Uma vida (tudo menos) normal

No papel, é um filme de vigaristas. Dois irmãos especialistas em contos do vigário "à la longue" fingem-se antiquários para convencerem uma herdeira órfã recatada e reclusa a abrir mão do seu dinheiro. Nada de particularmente novo, dirão. Só que a herdeira órfã (Rachel Weisz em modo Julie Christie-meets-Twiggy) recatada e reclusa sabe karaté, fala francês e russo, toca violino, harpa, guitarra e banjo, espatifa Lamborghinis como quem deita fora tinteiros de impressora e faz malabarismo com serras eléctricas. Depois, o irmão que elabora as vigarices (Mark Ruffalo cool até à quinta casa), planifica-as em homenagem aos grandes escritores russos como Dostoievski ou Tolstoi, com arcos narrativos e subtextos psicológicos. E o irmão que as executa (Adrien Brody sensível-recatado) apenas quer viver uma vida normal. Esquecemo-nos de falar da ajudante japonesa (uma chaplinesca Rinko Kikuchi) que diz três palavras o filme todo, sem contar com o karaoke?

Portanto, por trás do filme de vigarices o que temos aqui é uma velhinha comédia romântica "screwball". Nós não queríamos citar "As Duas Feras" de Hawks, mas pronto, vamos fazê-lo - não porque "Os Irmãos Bloom" queira estar nessa liga, mas só para terem uma ideia do ambiente que se constrói muito rapidamente no segundo filme de Rian Johnson.

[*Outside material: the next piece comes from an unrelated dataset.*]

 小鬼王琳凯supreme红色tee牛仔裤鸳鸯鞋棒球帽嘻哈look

E, já agora, vamos também dizer que, para além de comédia "screwball", "Os Irmãos Bloom" é também uma elegantíssima metáfora para a ficção, o teatro, a representação... a necessidade de contar histórias que o ser humano parece ter, de definir a sua vida como uma narrativa. (Já dissemos que uma das inspirações de Johnson foi o "Ulisses" de James Joyce e outra a "Odisseia" de Homero?) E, na verdade, o que Bloom, o irmão sonhador (e mais novo) quer é viver "uma vida que não esteja escrita", escapar (se quisermos) ao destino e ser ele a escrever a sua própria história em vez daquela que os outros lhes escrevem. Em suma, tomar as rédeas da sua própria vida.

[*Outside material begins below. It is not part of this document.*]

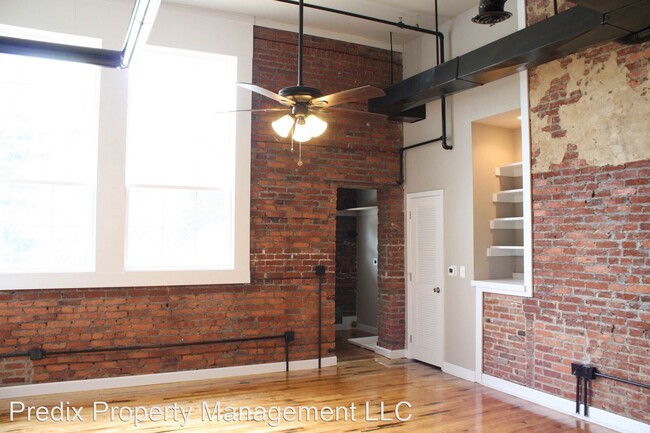 Building Photo - 2309 E Philadelphia St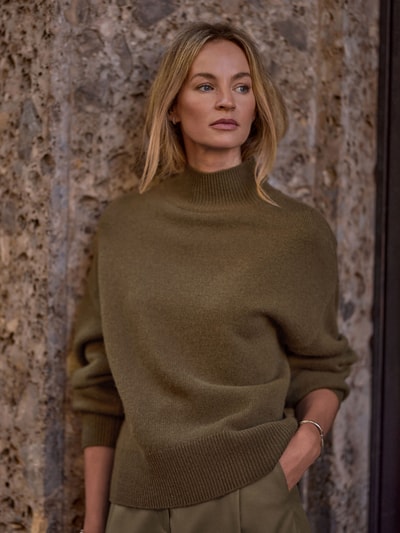 P&C* curated by Anouk Yve Strickpullover mit Stehkragen - Capsule Wardrobe Khaki 6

Até lá chegarmos, contudo, Rian Johnson leva-nos numa surpreendente e fantasista montanha-russa ambientada numa mítica Europa retro-intemporal, para a qual as personagens viajam num barco cujo título vem de um romance de Herman Melville (e que é apenas uma das múltiplas piscadelas de olho Fellinianas num filme onde as citações sonoras de Nino Rota são inúmeras), onde não há telemóveis nem computadores e onde elas vestem feminismo pop anos 1960 e eles sofisticação Costa Leste e burguesia europeia do princípio do século XX. "Os Irmãos Bloom" leva desde o primeiro momento a suspensão da descrença muito mais longe do que aquilo que outros filmes tomam por dado adquirido, e outra coisa não seria de esperar de um realizador que, como primeira obra, assinou o sublime filme negro em versão liceu californiano que foi "Brick" (2005).

"Os Irmãos Bloom" é um filme muito mais ambicioso, cujo conceito central - um jogo de espelhos cruzado de bonecas russas que se desenrola sempre em areias movediças, com um pé na metaficção e outro no entretenimento puro, mas continuamente piscando o olho ao espectador com cumplicidade - exige uma maturidade invejável que não se esperaria forçosamente a um segundo filme. Em vez de se estampar, Johnson ergue-se à altura do desafio com um virtuosismo quase vergonhoso, entre o respeito mais absoluto pelo classicismo e uma vontade rebelde de o dinamitar por dentro, conseguindo o difícil equilibrismo de tom que evita a queda quer na fantasia xoninhas quer na pretensão pedante, entrando pontualmente em levitação transcendental. E o elenco embarca a fundo no jogo como se nunca tivesse feito outra coisa na vida - o que faz todo o sentido quando sabemos que, no fundo no fundo, "Os Irmãos Bloom" é um filme sobre o teatro que há na vida e a vida que há no teatro (ou não terminasse tudo naquele cenário maravilhoso do teatro abandonado de S. Petersburgo).

E ainda não falámos nem do camelo alcoólico nem da fotógrafa epiléptica que quer ser contrabandista e se vem com trovoadas. "Brick" não foi um fogacho e "Os Irmãos Bloom" - que, como se diz às tantas, é uma "mentira que revela a verdade" - é um filme maravilhoso que tem entrada directa para o top-10 do ano.